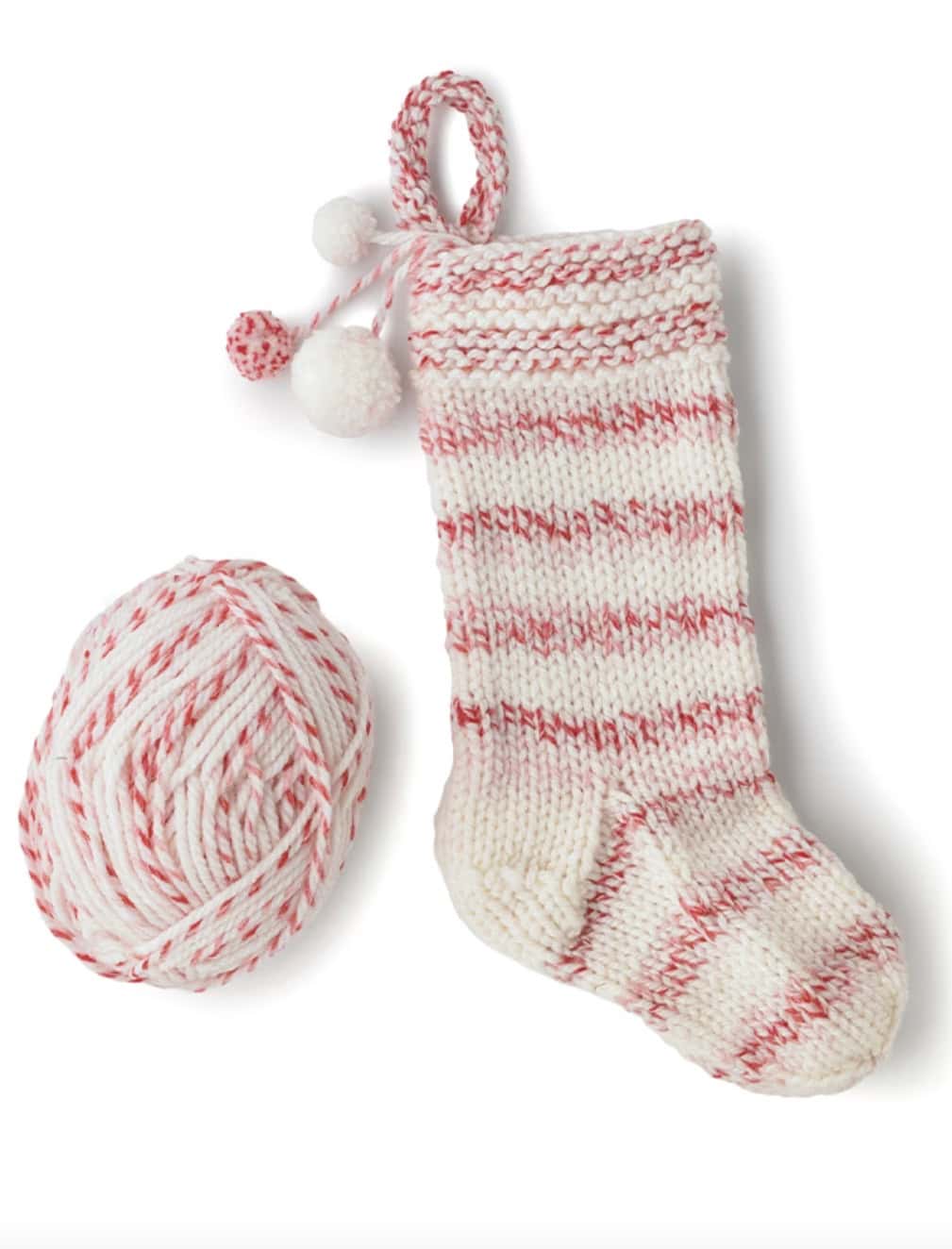 self striped christmas stocking free knitting pattern by paintbox yarns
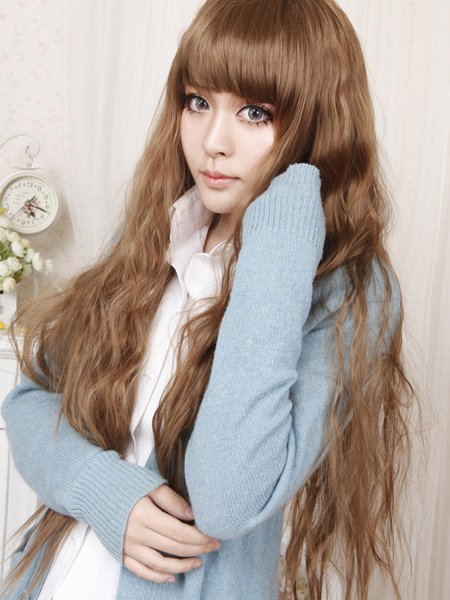 Sweet Brown Long Curly Lolita Faux Wig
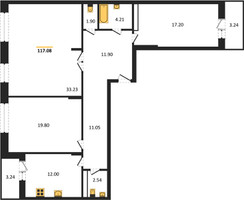 Планировка трехкомнатной(квартира) площадью 116.95 квадратных метров в “ЖК Преображенская Площадь”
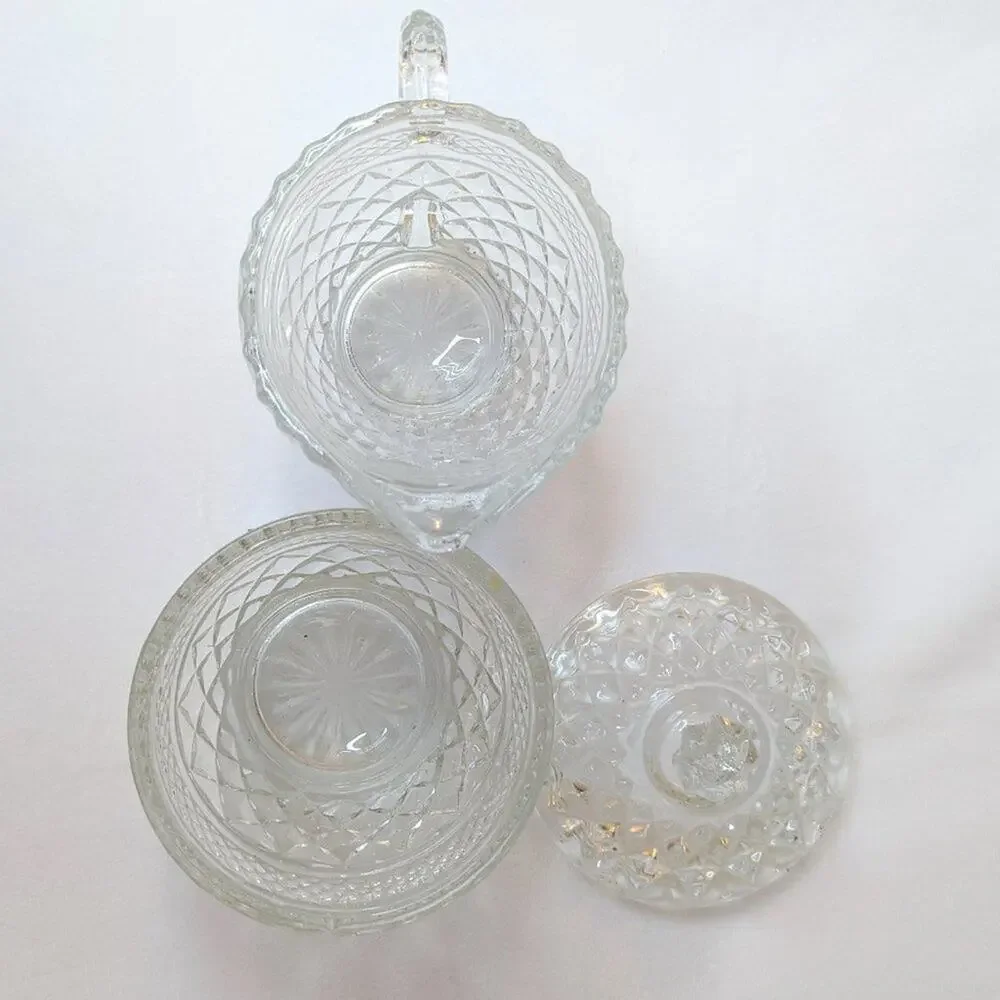 Home Kitchen Coffee Tea Sugar Creamer Set Glass Vintage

....

> _REQUIRED WORK_
With pictures excluded, restate word for word the lines from the one that contains "Sweet Brown Long Curly Lolita Faux Wig" through the end of the material, inclusive, and nothing more.

> _EXERCISE OUTPUT_
 Sweet Brown Long Curly Lolita Faux Wig
 Планировка трехкомнатной(квартира) площадью 116.95 квадратных метров в “ЖК Преображенская Площадь”
 Home Kitchen Coffee Tea Sugar Creamer Set Glass Vintage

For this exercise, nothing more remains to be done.